Every record that follows is to be copied exactly, with the pictures omitted.

Image-text web data
###

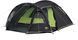 Намет чотиримісний High Peak Mesos 4 Dark Grey/Green (11525)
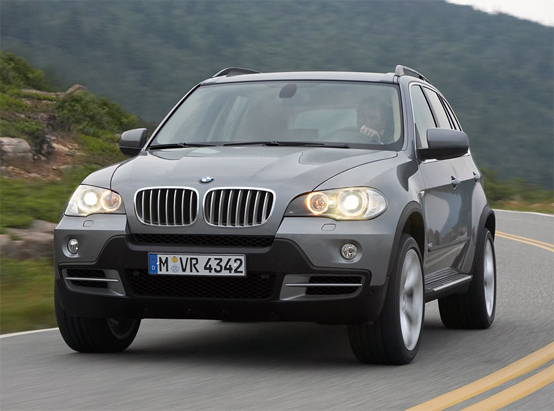 SUV: riflessioni tecniche
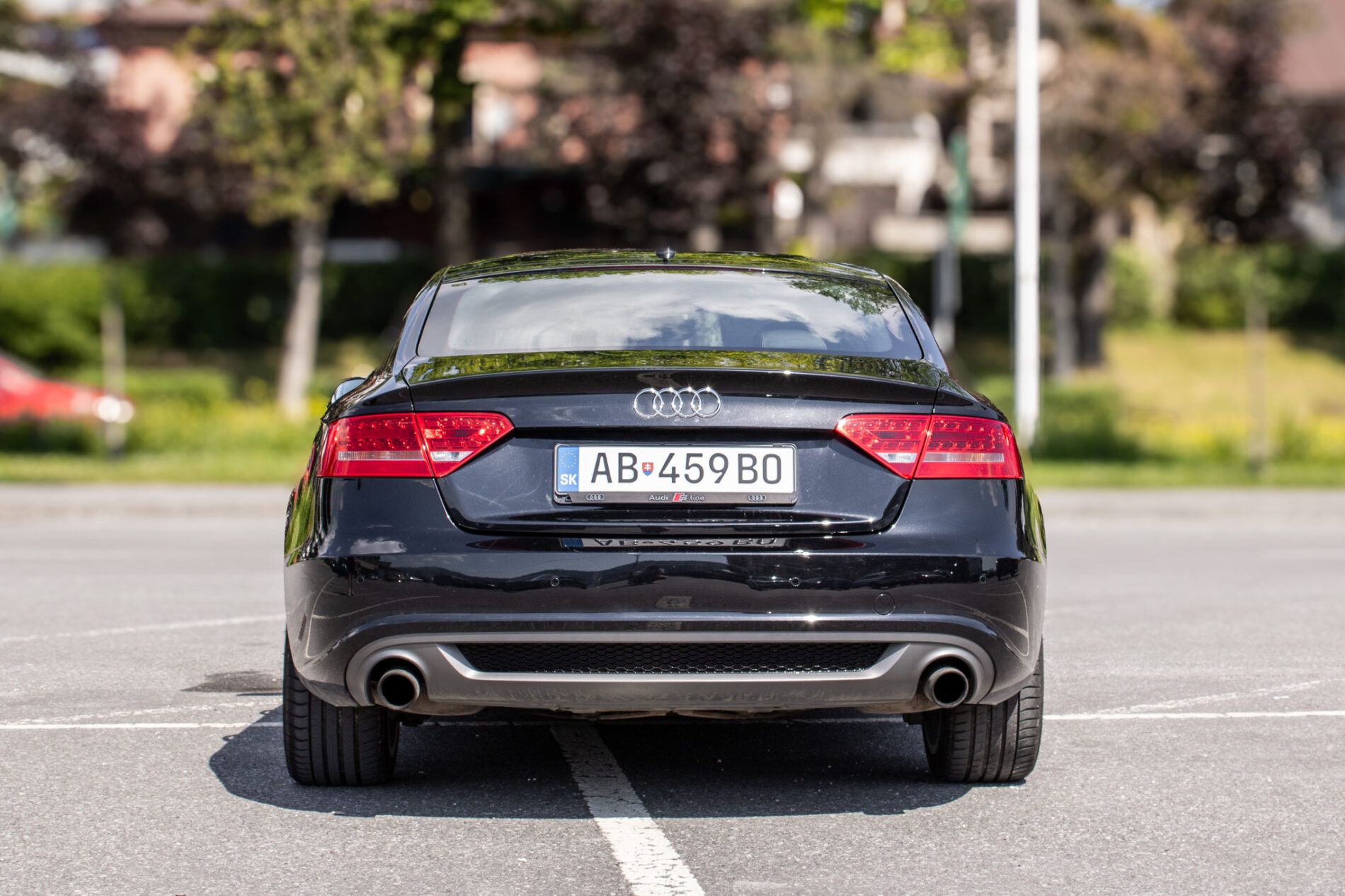 Audi A5 - fotka 6
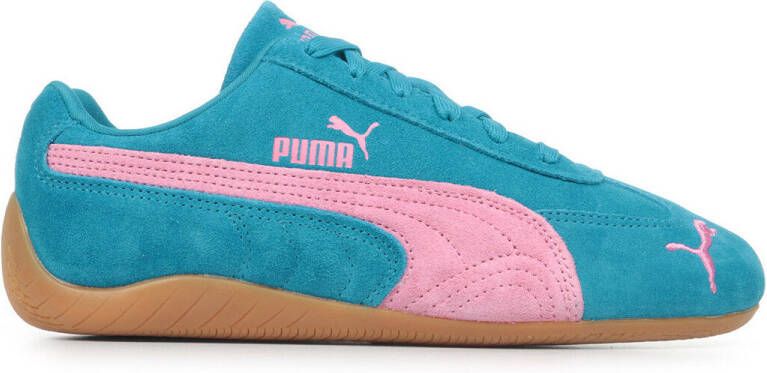 Puma Speedcat OG Speedcat in blauw formaten: 37.5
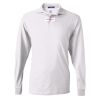 SpotShield™ 50/50 Long Sleeve Sport Shirt. Thumbnail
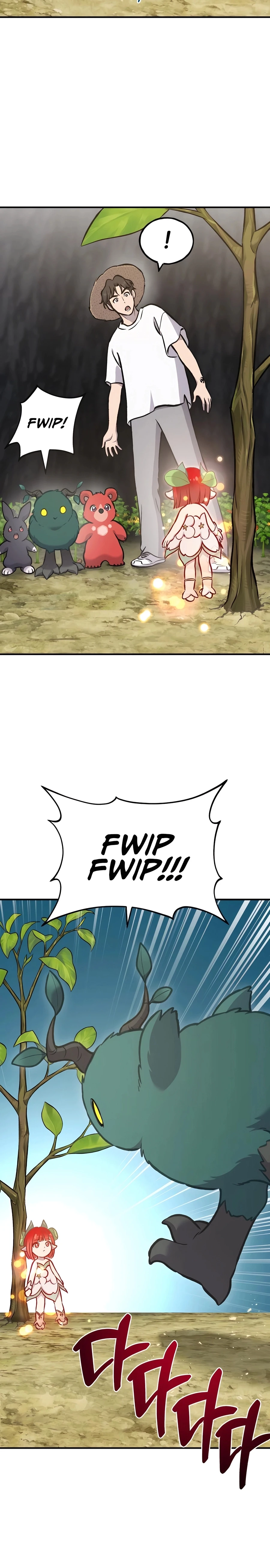 The Top Dungeon Farmer Chapter 98 — Page 5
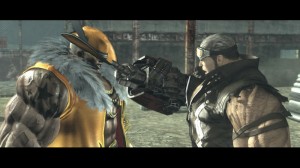 Anarchy Reigns review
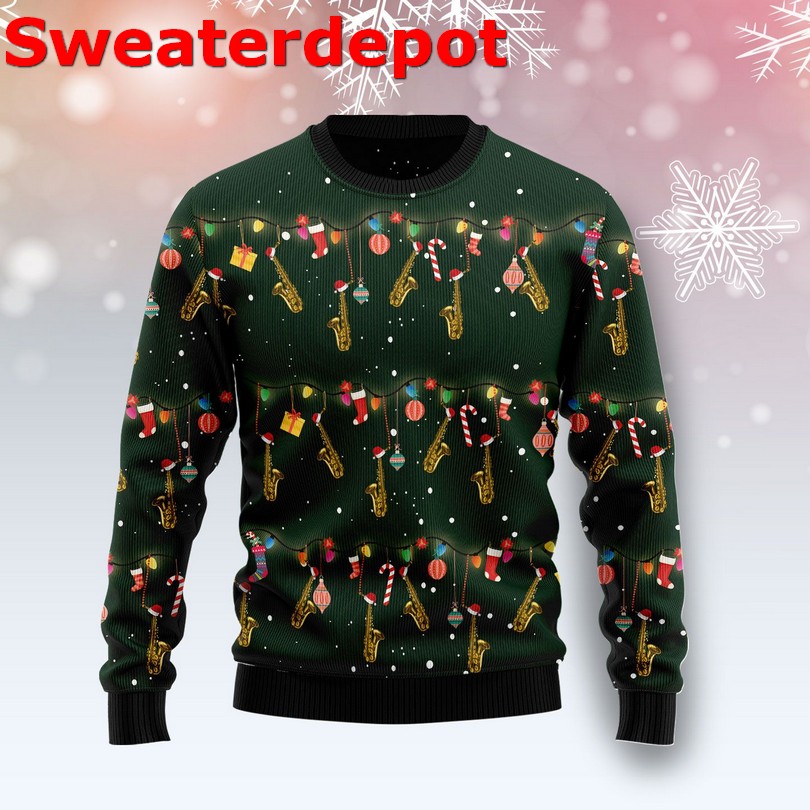 Christmas in the camper Christmas sweater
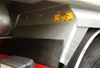 F118559-02 Fruehauf Sloper Planker Rear Offside Right Mud Wing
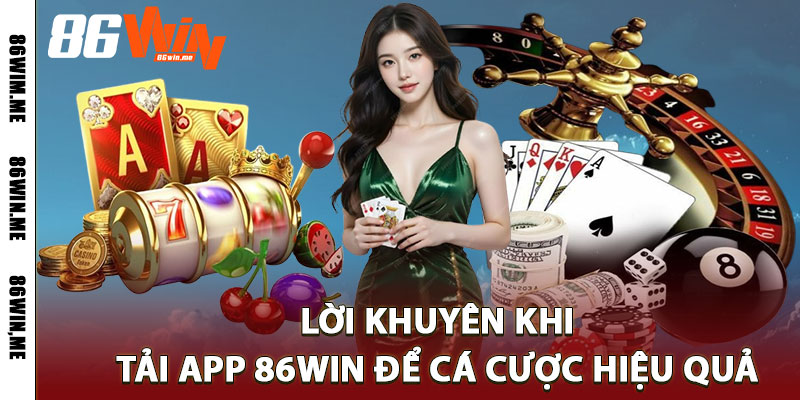 tải app 86Win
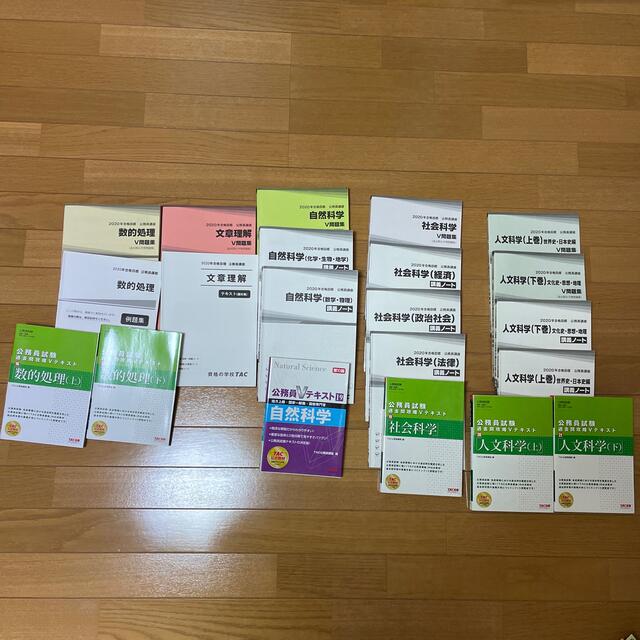 正規品】 TAC出版 - 公務員試験対策 化学職 TAC 資格/検定 - traama.com.br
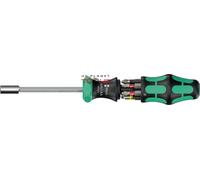 Wera 05051517001 Kraftform Kompakt 27 RA 1 6pc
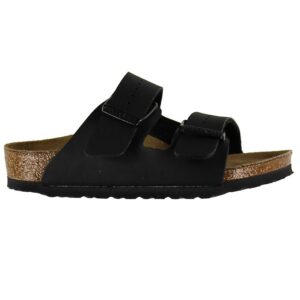 Birkenstock Sandaler - Arizona Kids - Sort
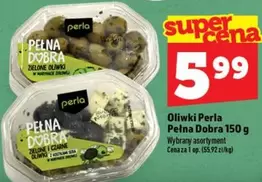 Oliwki Perla Pełna Dobra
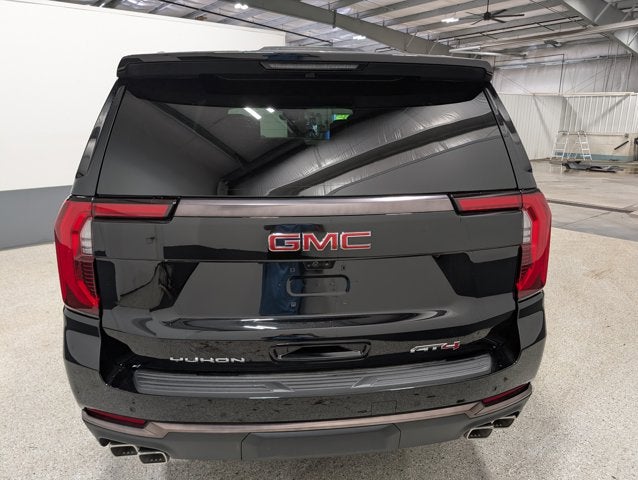 2026 GMC Yukon XL AT4 ULTIMATE Super Cruise Diesel Night Vision Panoramic Roof Air Ride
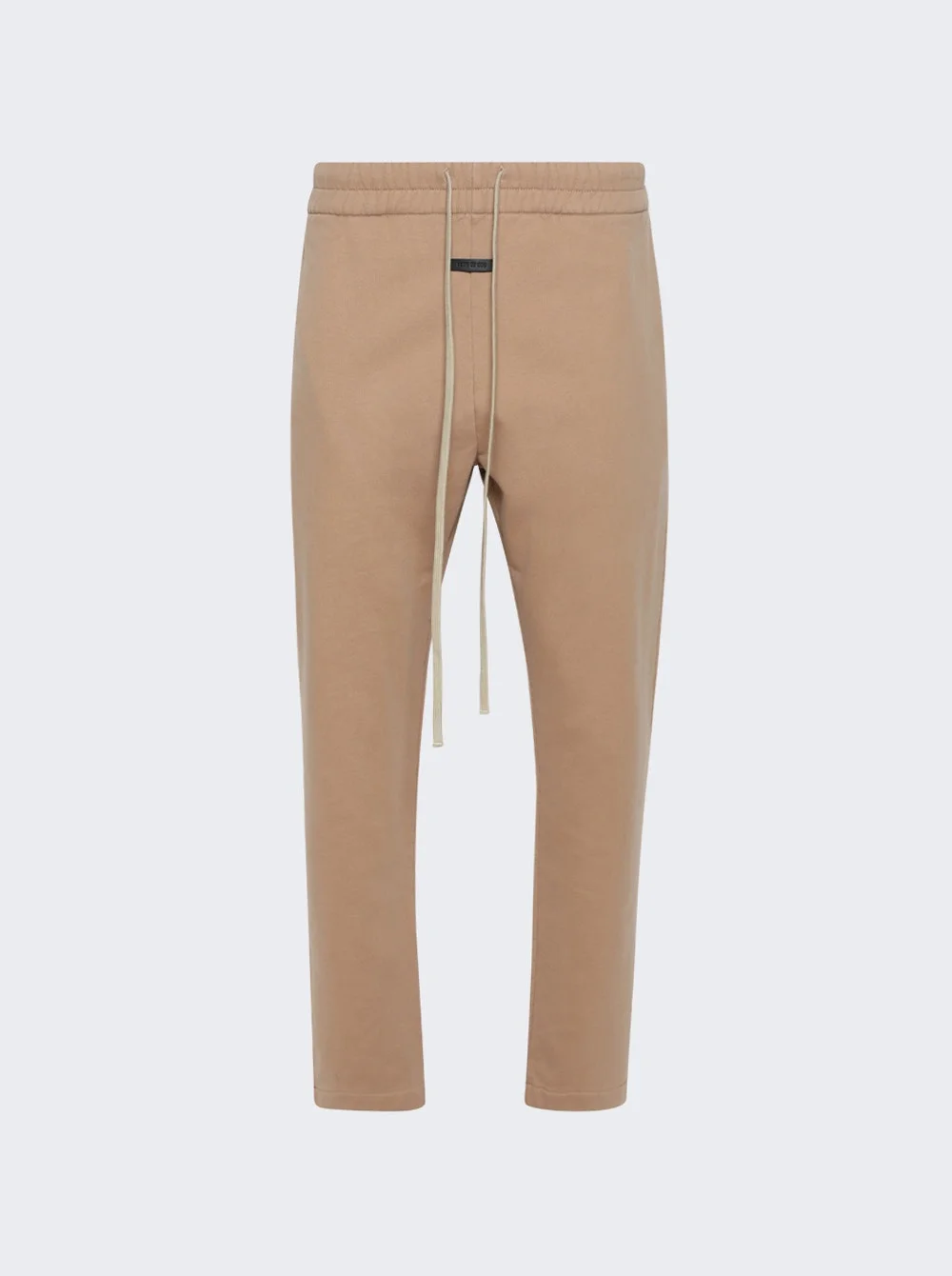 Relaxed Sweatpants Dune Pearl - 1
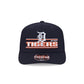 Detroit Tigers Stated 9SEVENTY Stretch-Snap Hat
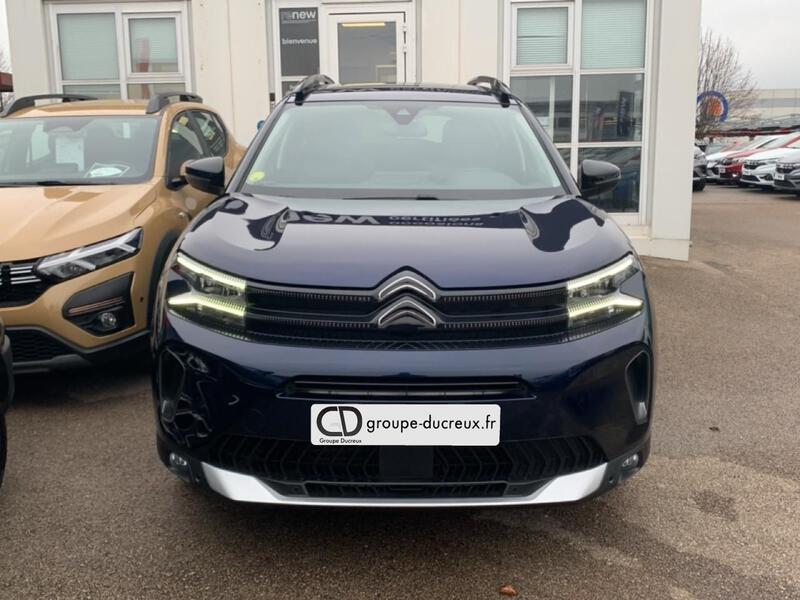 Citroen C5 Aircross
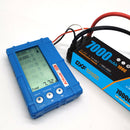 (CN) DXF 2S 7.4V Lipo Battery 100C 7000mAh with 4mm Bullet for RC 1/8 Vehicles Car Truck Tank Truggy Competition Racing Hobby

###

> **TASK SOLUTION**:
 Намет чотиримісний High Peak Mesos 4 Dark Grey/Green (11525)
 SUV: riflessioni tecniche
 Audi A5 - fotka 6
 Puma Speedcat OG Speedcat in blauw formaten: 37.5
 SpotShield™ 50/50 Long Sleeve Sport Shirt. Thumbnail
 The Top Dungeon Farmer Chapter 98 — Page 5
 Anarchy Reigns review
 Christmas in the camper Christmas sweater
 F118559-02 Fruehauf Sloper Planker Rear Offside Right Mud Wing
 tải app 86Win
 正規品】 TAC出版 - 公務員試験対策 化学職 TAC 資格/検定 - traama.com.br
 Wera 05051517001 Kraftform Kompakt 27 RA 1 6pc
 Birkenstock Sandaler - Arizona Kids - Sort
 Oliwki Perla Pełna Dobra
 2026 GMC Yukon XL AT4 ULTIMATE Super Cruise Diesel Night Vision Panoramic Roof Air Ride
 Relaxed Sweatpants Dune Pearl - 1
 Detroit Tigers Stated 9SEVENTY Stretch-Snap Hat
 Citroen C5 Aircross
 (CN) DXF 2S 7.4V Lipo Battery 100C 7000mAh with 4mm Bullet for RC 1/8 Vehicles Car Truck Tank Truggy Competition Racing Hobby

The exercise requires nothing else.